Edgeのパスワードが「丸見え」になっている
2026年5月4日、ノルウェーのセキュリティ研究者 Tom Jøran Sønstebyseter Rønning 氏が、Microsoft Edgeのパスワードマネージャーに関する衝撃的な事実を公開しました。
Edgeは起動時に、保存されたすべてのパスワードを復号してプロセスメモリに平文で展開します。そのサイトにアクセスしていなくても、です。タスクマネージャーでメモリダンプを取得し、テキストエディタで検索するだけで、パスワードがそのまま読めてしまいます。
Rønning氏はPalo Alto Networks NorwayのBIG Bite of Techカンファレンスで本件を発表し、GitHub上に検証用PoCツール「Dump Edge Cleartext Credentials」を公開しました。
ドイツのIT専門メディアheise onlineも独自にこの現象を再現しており、CWE-316(メモリ上の機密情報の平文保存)に分類される脆弱性であると指摘しています。
なお、Rønning氏はChrome、Braveなど他のChromiumベースブラウザもテストしており、起動時に全パスワードを一括で平文展開する挙動はEdge固有であると報告しています。Chromeは必要時にのみ復号し、App-Bound Encryption(ABE)によって他プロセスからの鍵再利用を防ぐ設計を採用しています。
情報ソース:
- 一次情報: Rønning氏のX投稿 (@L1v1ng0ffTh3L4N)
- ノルウェー報道: ITavisen(ノルウェー語)
- 独立検証: heise online
- 企業リスク分析: Dark Reading
Microsoftの見解 ―「設計上のトレードオフ」
Microsoftはこの問題について、仕様であると回答しています。公式声明では「この報告で示されたシナリオでブラウザのデータにアクセスするには、端末がすでに侵害されている必要がある」とし、「この領域の設計選択はパフォーマンス、ユーザビリティ、セキュリティのバランスを考慮したもの」としています。

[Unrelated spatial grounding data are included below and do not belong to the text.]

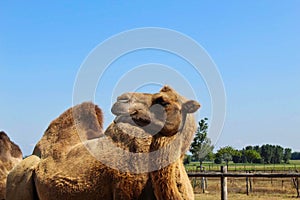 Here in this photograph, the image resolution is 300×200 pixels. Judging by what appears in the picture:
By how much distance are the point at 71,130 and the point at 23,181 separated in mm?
1058

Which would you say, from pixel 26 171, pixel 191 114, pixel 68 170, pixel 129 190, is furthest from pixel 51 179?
pixel 191 114

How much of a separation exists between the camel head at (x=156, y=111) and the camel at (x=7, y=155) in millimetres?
4763

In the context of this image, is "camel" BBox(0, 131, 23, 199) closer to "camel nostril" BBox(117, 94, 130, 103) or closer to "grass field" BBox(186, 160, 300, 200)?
"camel nostril" BBox(117, 94, 130, 103)

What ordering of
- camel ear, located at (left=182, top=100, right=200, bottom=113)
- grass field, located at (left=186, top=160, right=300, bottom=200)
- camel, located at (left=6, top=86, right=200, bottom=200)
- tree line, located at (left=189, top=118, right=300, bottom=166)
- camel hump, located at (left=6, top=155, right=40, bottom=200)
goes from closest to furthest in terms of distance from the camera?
camel, located at (left=6, top=86, right=200, bottom=200) → camel ear, located at (left=182, top=100, right=200, bottom=113) → camel hump, located at (left=6, top=155, right=40, bottom=200) → grass field, located at (left=186, top=160, right=300, bottom=200) → tree line, located at (left=189, top=118, right=300, bottom=166)

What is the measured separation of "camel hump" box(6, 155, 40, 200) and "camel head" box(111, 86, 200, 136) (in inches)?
99.3

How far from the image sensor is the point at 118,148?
539cm

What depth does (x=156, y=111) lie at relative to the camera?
4711mm

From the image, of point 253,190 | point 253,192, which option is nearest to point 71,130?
point 253,192

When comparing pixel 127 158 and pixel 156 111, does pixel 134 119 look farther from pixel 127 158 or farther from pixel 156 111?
pixel 127 158

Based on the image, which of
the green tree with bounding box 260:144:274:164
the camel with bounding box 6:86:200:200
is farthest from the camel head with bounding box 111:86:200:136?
the green tree with bounding box 260:144:274:164

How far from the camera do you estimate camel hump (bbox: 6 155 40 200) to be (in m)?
6.61

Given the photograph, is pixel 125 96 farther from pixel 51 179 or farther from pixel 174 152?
pixel 51 179

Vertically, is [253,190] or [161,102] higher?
[253,190]

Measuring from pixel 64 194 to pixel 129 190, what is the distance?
1.16 metres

つまりMicrosoftは、この問題を「侵害後のシナリオ」であると位置付け、パフォーマンスやユーザビリティとのトレードオフの中で設計された結果であると説明しています。
しかし、「侵害後」は想定より簡単に訪れる
この説明は、一見もっともらしく聞こえます。しかし、セキュリティの現場を知る者からすると、「侵害されていることが前提」という論理には重要な見落としがあります。
侵害は、思っているよりも簡単に起きます。
Rønning氏が実演したシナリオでは、ターミナルサーバーやCitrix、Azure Virtual Desktopなど、複数ユーザーが共有する環境において、管理者権限を持つ攻撃者が他ユーザーのEdgeプロセスメモリからパスワードを読み取ることができました。切断されたセッションからも取得可能です。
さらに、管理者権限がない場合でも、Linux環境ではgcoreコマンドや/proc/[pid]/memを通じて同一ユーザーのプロセスメモリにアクセスできます。Windows環境でも、条件によっては同一ユーザー権限からプロセスメモリへアクセス可能なケースが存在します。マルウェアに管理者権限は必ずしも必要ありません。

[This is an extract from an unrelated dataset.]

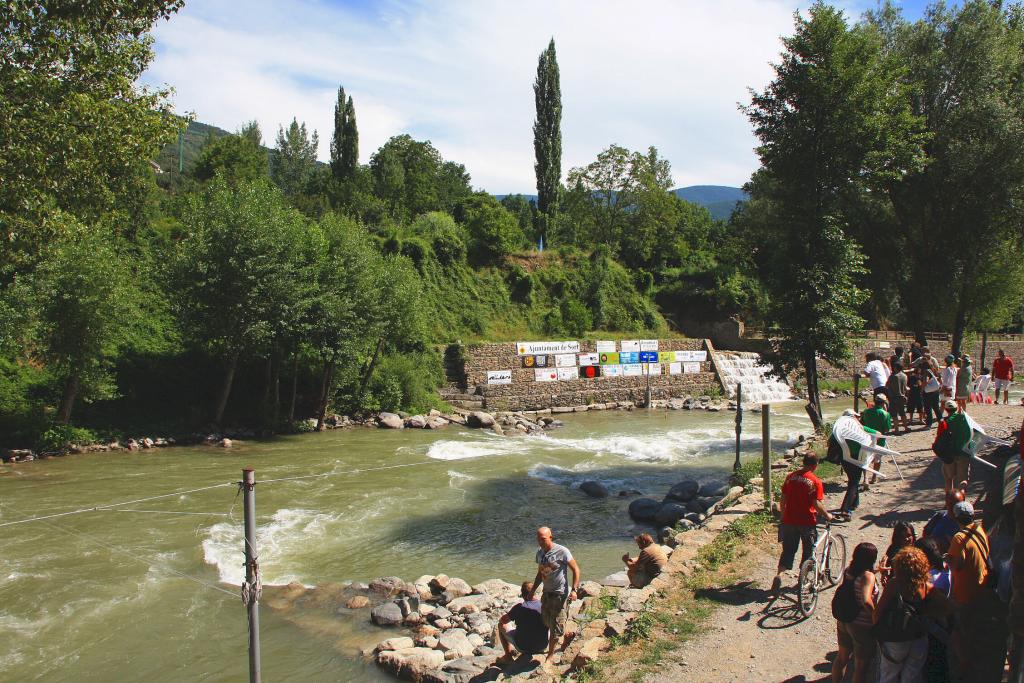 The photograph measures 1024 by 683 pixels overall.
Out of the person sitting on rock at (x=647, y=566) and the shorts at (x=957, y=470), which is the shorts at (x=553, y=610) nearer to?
the person sitting on rock at (x=647, y=566)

Beauceron SecurityのCEO、David Shipley氏は、Microsoftの対応について「これは機能ではない。責任を回避する便利な言い訳だ」と評しています。
AIによる侵入が、この問題をより深刻にしている
なぜ今、メモリ上の平文がこれほど注目を集めているのでしょうか。
一因として、AIによるサイバー攻撃の自動化が現実のものとなったことが挙げられます。AIエージェントが自律的にネットワークを探索し、侵入後のメモリスクレイピングや認証情報の収集を自動化できるようになれば、「PCが侵害されるまでのハードル」は急速に下がります。
これまで攻撃者が手動で行っていた侵入後の情報収集が、AIによって数分で完了する世界が目前に迫っています。「侵害後のシナリオであるため優先度は限定的である」という従来の前提は、もはや防衛線として機能しなくなりつつあります。
そもそも、なぜメモリ上に平文が出るのか
ここで一歩引いて、根本的な問いを考えてみましょう。
重要なのは、これはEdge特有の「実装ミス」ではないという点です。現在の汎用CPUアーキテクチャでは、多くのアプリケーションが処理時に復号済みデータへアクセスする必要があります。

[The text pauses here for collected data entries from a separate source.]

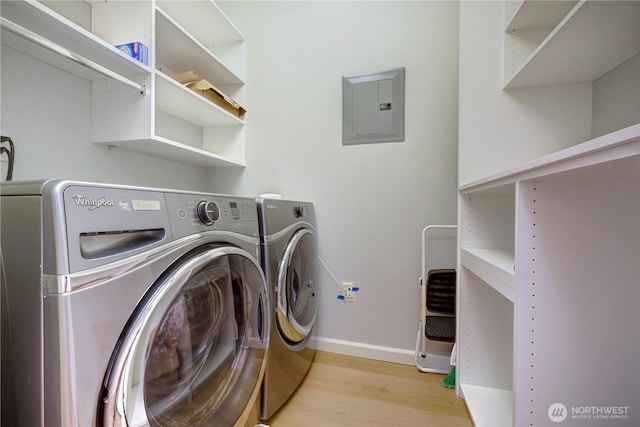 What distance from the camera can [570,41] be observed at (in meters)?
0.92

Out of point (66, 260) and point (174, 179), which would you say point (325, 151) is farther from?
point (66, 260)

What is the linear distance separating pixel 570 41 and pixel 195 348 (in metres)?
1.59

Edgeの問題点は「全パスワードを起動時に一括展開する」という設計判断にありますが、処理に必要なデータが一時的にせよメモリ上で平文になるという構造は、ほとんどすべてのアプリケーションに共通しています。
問題の本質は、その平文状態が侵入後の攻撃者にも観測可能になってしまうことにあります。
Edgeだけの問題ではない ― メモリ上の平文は、あらゆるアプリケーションに存在する
ここが、この問題の核心です。
RAMに平文が展開されるのは、今に始まったことではありません。 そして、これはMicrosoft Edgeだけの問題でもありません。
弊社の独自調査において、広く利用されているWebアプリケーションサーバーやID管理基盤を含む複数の主要ソフトウェアのプロセスメモリを検証したところ、パスワード、APIキー、OAuthトークン、データベース接続文字列、秘密鍵断片、暗号化マスターキーなどを含む718件のシークレット候補が平文で検出されました。
これらのアプリケーションは、ディスク上ではデータを暗号化しています。通信経路もTLSで保護しています。しかし、実行時にはメモリ上で復号され、平文として保持されます。これは多くのソフトウェアにおいて「仕様」です。
「侵害されたら終わり」が意味すること
Microsoftの「すでに侵害されている必要がある」という前提を受け入れるとどうなるでしょうか。
PCが侵害された時点で、メモリ上に展開されているすべての情報が攻撃者の手に渡ります。
パスワードだけではありません。ディスク暗号化のマスターキーも、メモリ上では平文で保持されています。 これが漏洩すれば、暗号化されたディスク全体が復号可能になります。
そしてここから、ラテラルムーブメント(横展開)が始まります。
1台のPCから取得した認証情報で、ネットワーク上の他のシステムにアクセスする。そこで新たな認証情報を取得し、さらに次のシステムへ。Rønning氏自身もこのシナリオについて「認証情報を雪だるま式に増やし、より多くの権限を得ることができる」と述べています。
つまり、メモリ上の平文は単一システムの問題ではなく、組織全体のセキュリティを脅かす起点となるのです。
では、どうすればいいのか?
この問題への根本的な解決策は明確です。
メモリをプロセス単位、もしくはそれ以上の粒度で暗号化し、攻撃者や侵入者には平文を渡さないこと。
ただし、ここで重要な点があります。
これは単にAMD SEVやIntel TDXのようなハードウェアレベルのメモリ暗号化を導入すればよい、という話ではありません。
ハードウェアベースの暗号化は、VM(仮想マシン)単位での保護を提供します。しかし、VM内部のプロセス間での平文露出は防げません。ハードウェアは「何を守る必要があるのか」を意味的に理解できないため、保護の粒度がハイパーバイザーに対するものに限定されます。
必要なのは、ソフトウェアとハードウェアを連携させた、プロセスレベルのメモリ暗号化です。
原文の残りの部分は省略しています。